Trial lawyers are taking it on the chin again. Yesterday, CBS referred to them as NGFTL (No Good Effin Trial Lawyers). So do a lot of other people. And they may all be right. Nevertheless, given the present vulnerability of workers and consumers, they are essential.

Once upon a time, we relied on federal regulation to protect us. Now, OSHA is understaffed, the FDA is under-funded and the EPA is ignored.

There was a time when the three broadcast networks were on our side--they specialized in safety exposes. But then came the fear of lawsuits. 60 Minutes was about to air its investigation of Brown and William's suppression of its internal findings that cigarette smoking was indeed addictive. Brown and Williams filed a lawsuit threatening billions of dollars in damages. CBS was in the midst of a merger with Westinghouse, and the lawsuit might have killed the merger. CBS executives decided not to run the piece until after the merger went through.

ABC's Primetime Live broadcast a report that Food Lion supermarkets regularly mixed rotten meat and fresh meat, then bleached the mix to remove its odor. To prove the point, two ABC reporters got jobs in a Food Lion supermarket and shot video of the mixing. Red Lion sued ABC, challenging, not the truth of the report, but charging that the reporters had trespassed and misrepresented themselves. Food Lion won the case in the lower court and was awarded more than five million dollars--ABC stock dropped by about 1.3 billion dollars over the next week. Most of the verdict was later reversed, and Food Lion received only two dollars. But the damage was done, no one was sure how a jury might react in a given case.

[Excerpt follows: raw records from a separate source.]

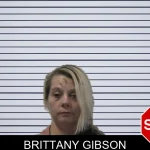 Brittany Gibson mugshot
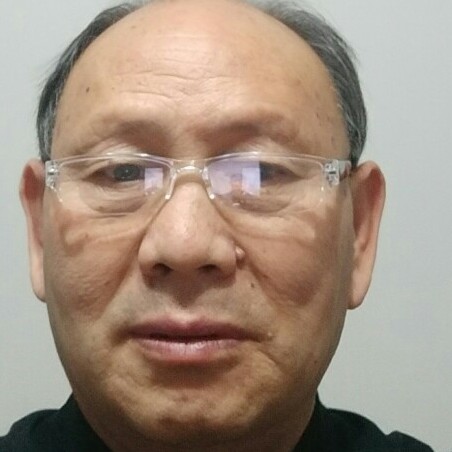 大树扯悲凉的照片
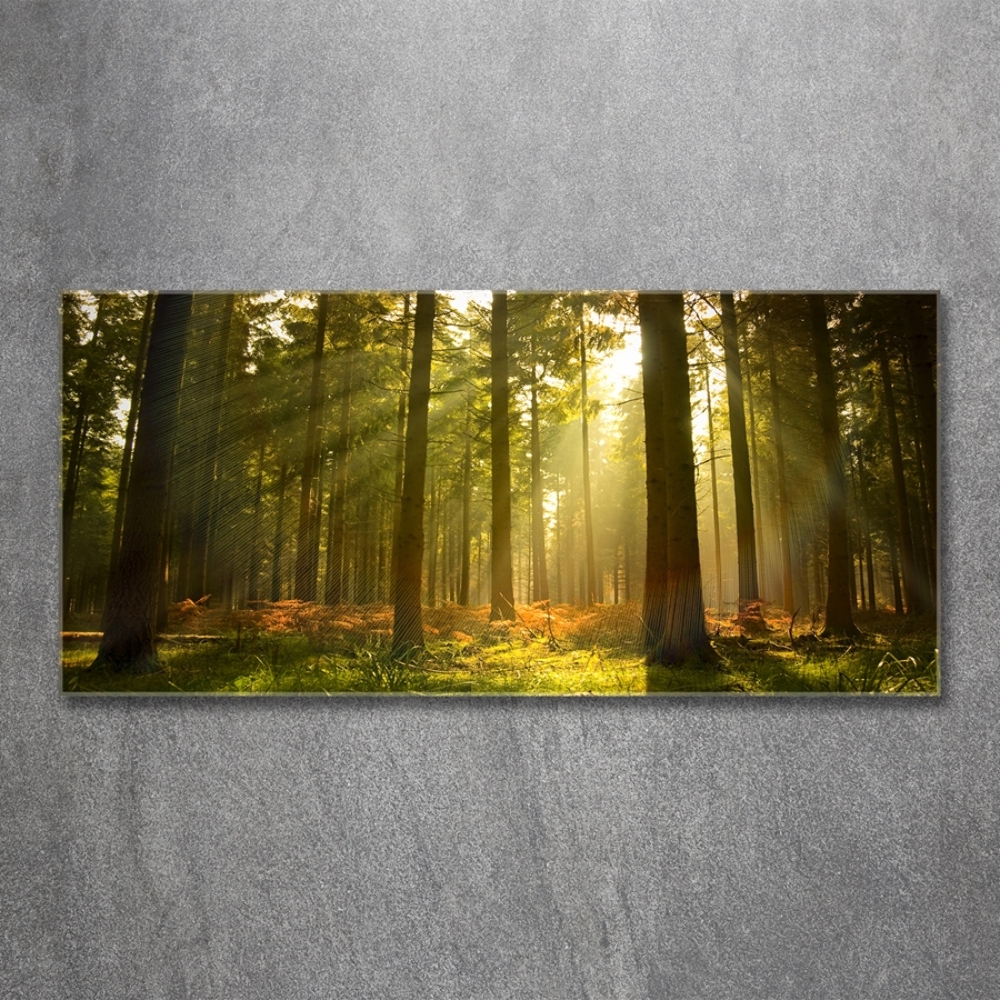 Photo printed on glass Forest in the sun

NBC Dateline did a piece on the vulnerability of Ford Pinto to rear enders, which, they claimed, often resulted in disastrous fires. Dateline then staged a fire to get good pictures. A disgraced NBC admitted its sins and paid damages. Since then, all three networks have operated with extreme caution.

Then came the worst. The Cincinnati Enquirer agreed to pay ten million dollars and run three days of front page corrections when it printed a story alleging that United Fruit had, in Central America, bribed foreign officials, used dangerous pesticides and mistreated its workers. In gathering the story, one of the reporters had listened in on voicemail messages on United Fruit phones. That's illegal; the validity of the story no longer mattered. Gannett, the owner of the newspaper, bit the bullet and settled immediately. Most of print journalism is now as cautious as the three networks.

(Ironically, United Fruit paid a twenty-five million dollar fine this week because it had bribed paramilitary forces in Columbia.)

Between the lack of federal regulation and media caution, who remains to hold malefactors' feet to the fire? Trial lawyers are the only alternative. They're not entirely a satisfactory alternative, but they're all we've got.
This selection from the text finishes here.